In today’s environment, it is critical for IT workers to have the proper foundation and high level of computer and information literacy. With technology changing rapidly even someone with many years of experience needs to stay relevant.
“It’s interesting to see the gaps that people have in their knowledge,” said Stanger. “They are very deep in certain areas, but not in others. And that holds companies back and holds people back in their careers. Technology is moving so fast you can’t afford to say I’m going to dive into this and I’m not going to worry about all this other stuff on the periphery. You’ve got to have a good foundation so that those things that are on the side that don’t seem relevant suddenly become relevant very quickly, tomorrow or maybe even the next hour. So, having that right foundation is important, not just to get people ramped up, but more importantly, to allow them to handle all the emerging technologies that are happening right now.”
CompTIA’s IT Fundamentals (ITF+) is one way the organization helps promote digital literacy. The primary goal of the program is help people think about how technology works. “There are consumers of IT who know how to use their mobile phone, but do they really know how it works? Do they understand how social media databases work? How the networking operates? ITF+ is one way to get started,” Stanger explained.
In expanding on CompTIA’s offerings, Plunkett shared, “we’ve developed an eight-week program where we teach an IT core skills program that incorporates ITF+ but also goes into presentation, math and reading skills and gives individuals the foundational knowledge to prepare them to go into A+ certification.”

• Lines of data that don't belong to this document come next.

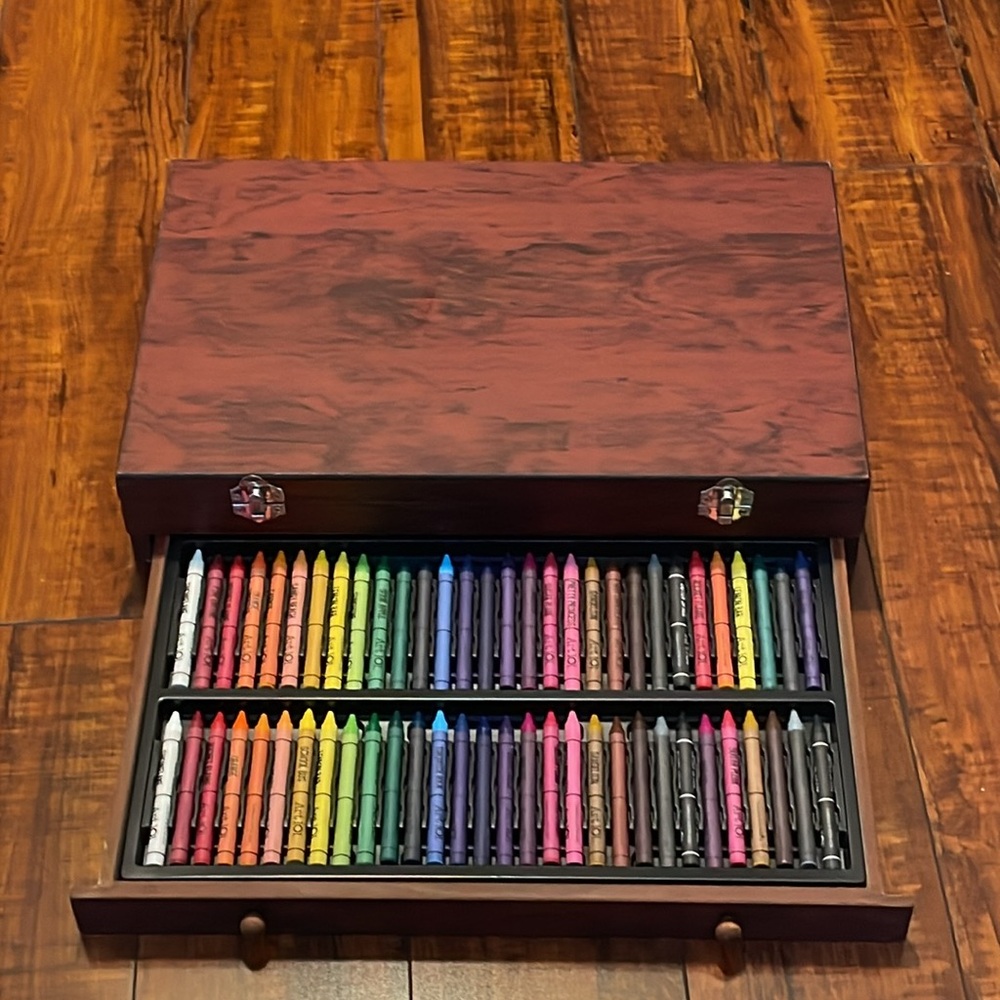 Art 101 Doodle and Color 142 Piece Beginners Art Set in a Wood Carrying Case - Picture 5 of 5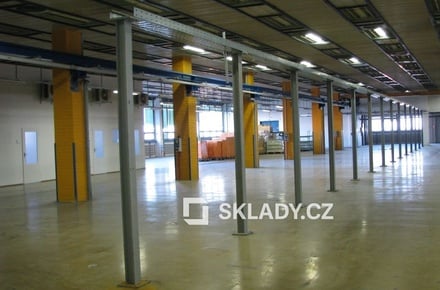 Pronájem skladu 3 100 m², Znojmo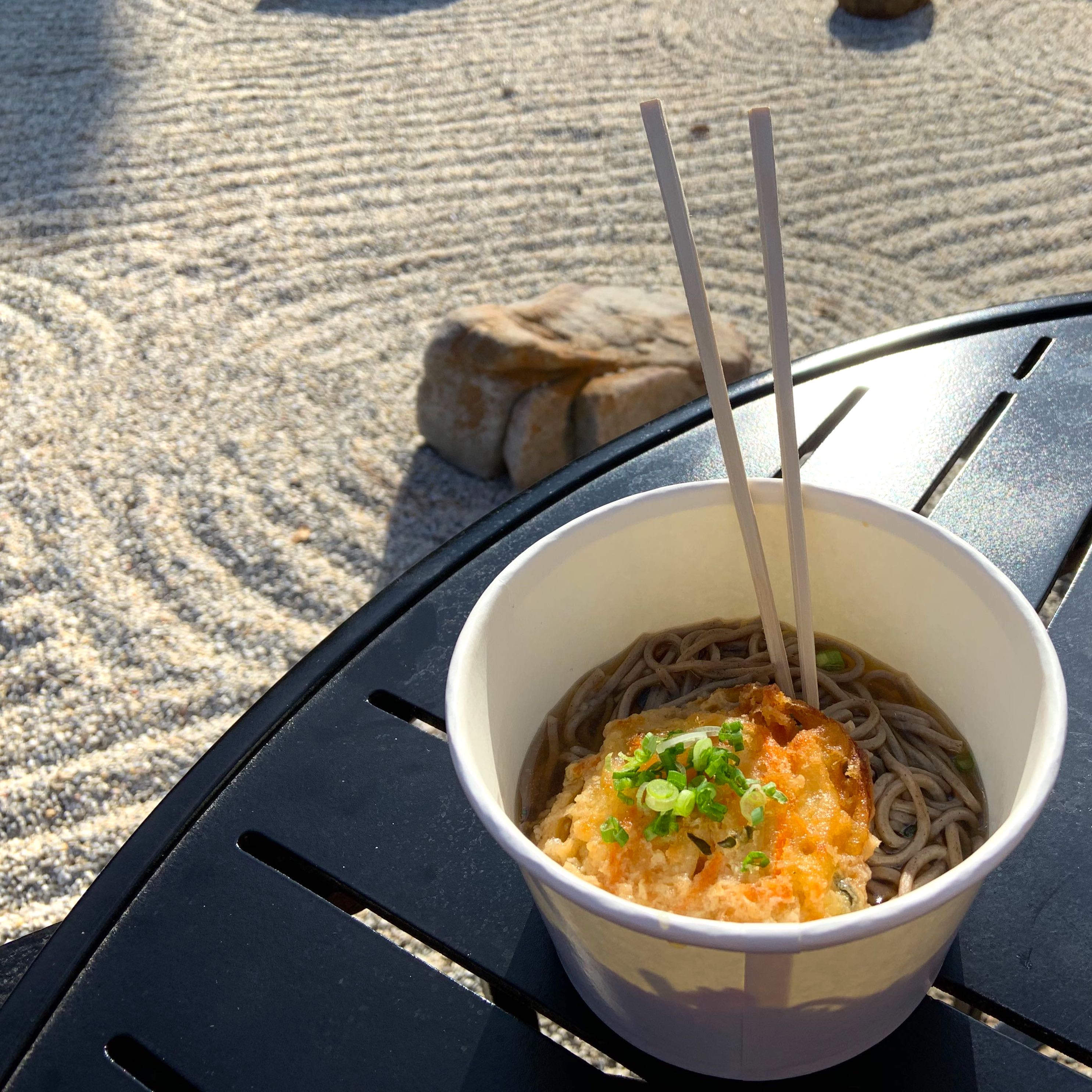chirashi soba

Apprenticeships are a good way for people with various backgrounds and skills IT experience. CompTIA partners with Apprenti, as well as others, and are in discussions with many states on how to build a credible apprenticeship program including virtual, remote opportunities. “We work with states, companies and partners to set up the opportunities,” Stanger said. “While we liaise between these parties, the companies and the governments typically have to work and coordinate together.” CompTIA also provides training through its Custom Training program and through its certified training experts.
For Plunkett, its important training is well rounded and interactive. Labs and performance-based questions should be included to test the skills, not just theoretical knowledge. “We do need things quicker than just relying on the academic sector to build that talent pool. So, the more diverse, innovative offerings the better. There are a lot of very effective self-study and virtual programs as well as hybrid approaches. There are mentored learning approaches we’re offering and that partners are offering as well.”

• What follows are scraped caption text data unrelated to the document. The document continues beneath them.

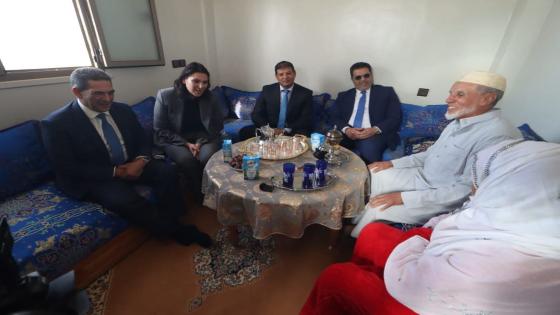 المنصوري بصحة جيدة مشات تفقد دواوير الزلزال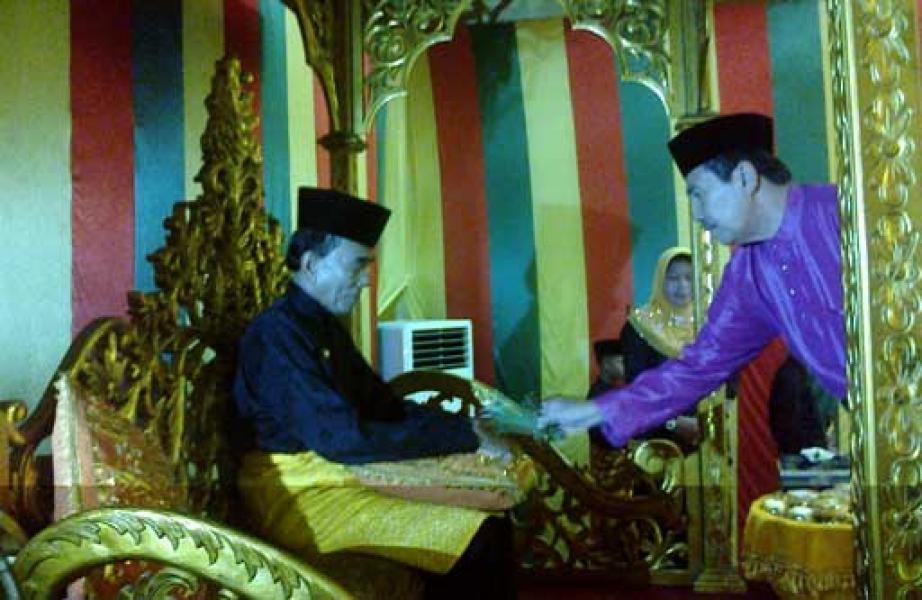 Kunker H Annas Maamun Ke Siak Disambut Tepuk Tepung Tawar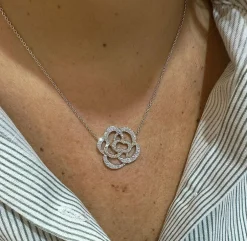 Collier en or blanc et diamants motif pétale de rose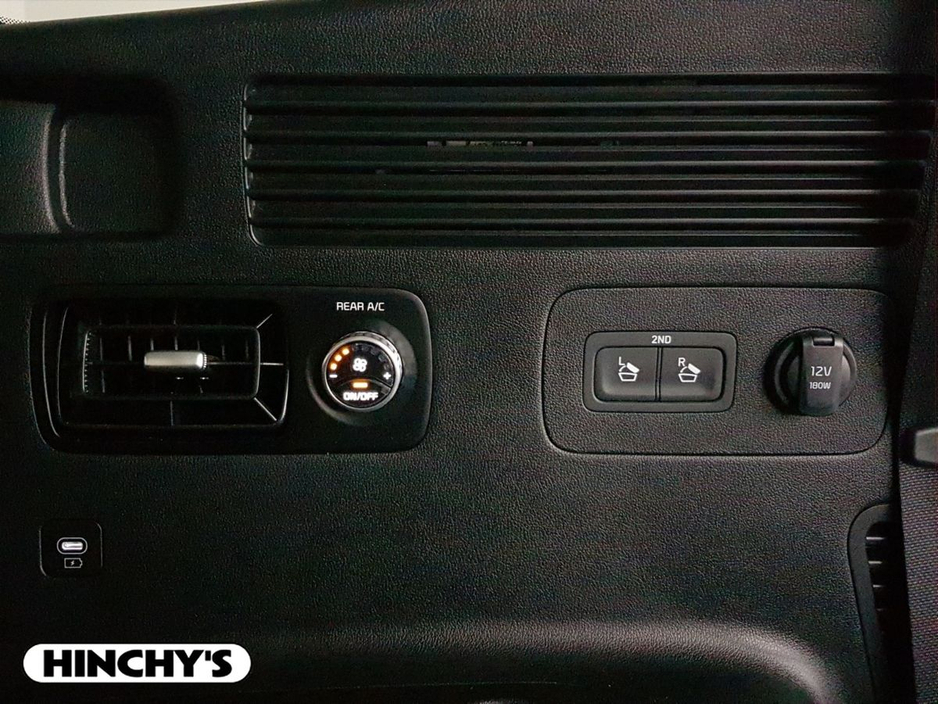 2024 Kia Sorento - image 28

In his closing words of advice, Stanger urged the attendees to do anything they can to expose students to the technology in a hands-on way by taking an explorative approach. “If you can make that experiential, you’ll be amazed at how quickly students will leapfrog in their knowledge and get to the level that the market is looking for.”

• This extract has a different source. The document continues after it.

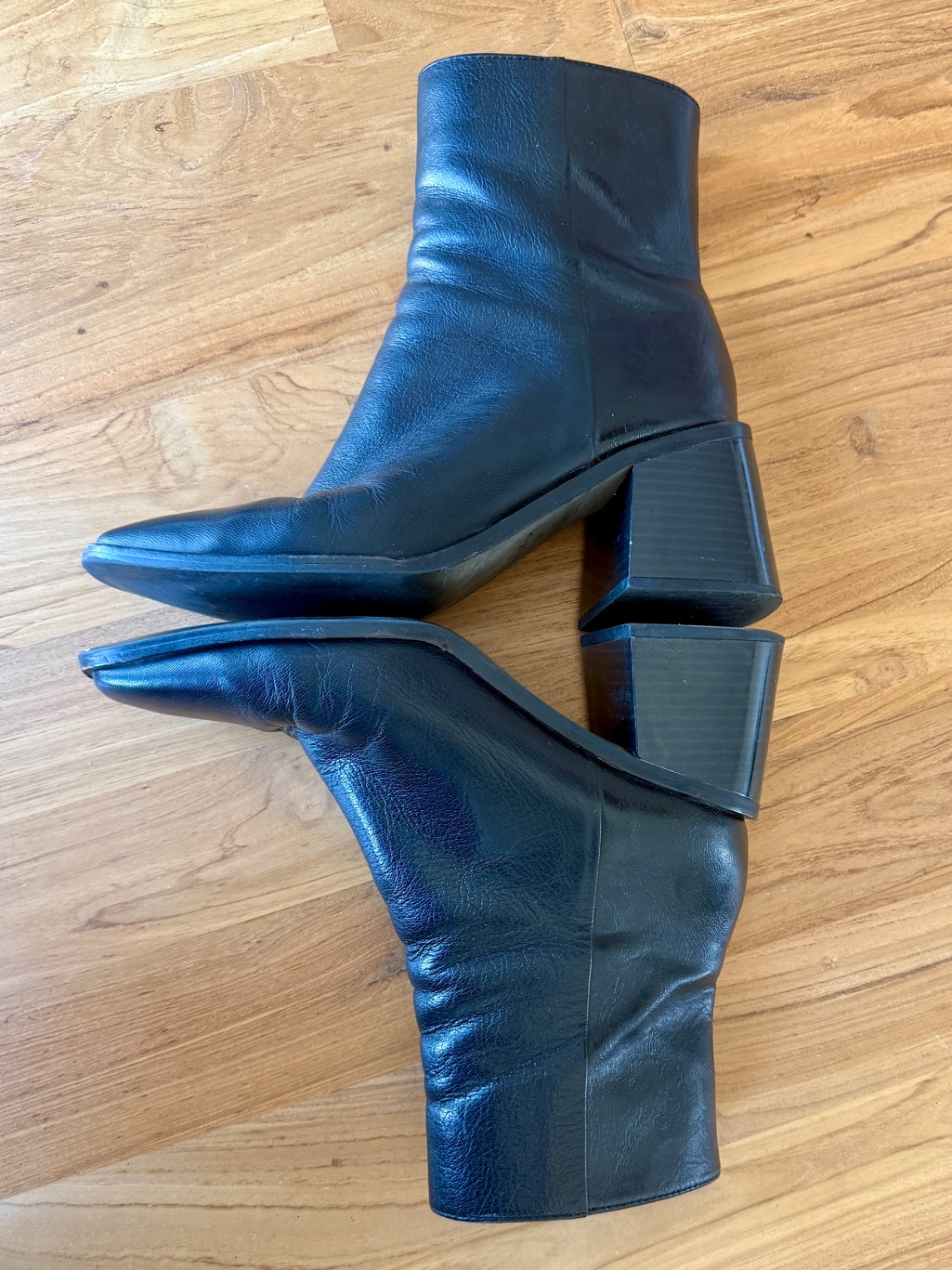 Sam Edelman Winnie Block Heel Booties In Black Leather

Plunkett encouraged everyone to have people perform tasks testing their skills, so they go through mirroring the workplace as much as possible. “We see that as the most effective way of delivering these skills to individuals. My advice is to think outside the box and be prepared to see what is working. See us at CompTIA as a resource. We are happy to share best practices we see. We really want to fill the pipeline to where it needs to be and support the entire ecosystem.”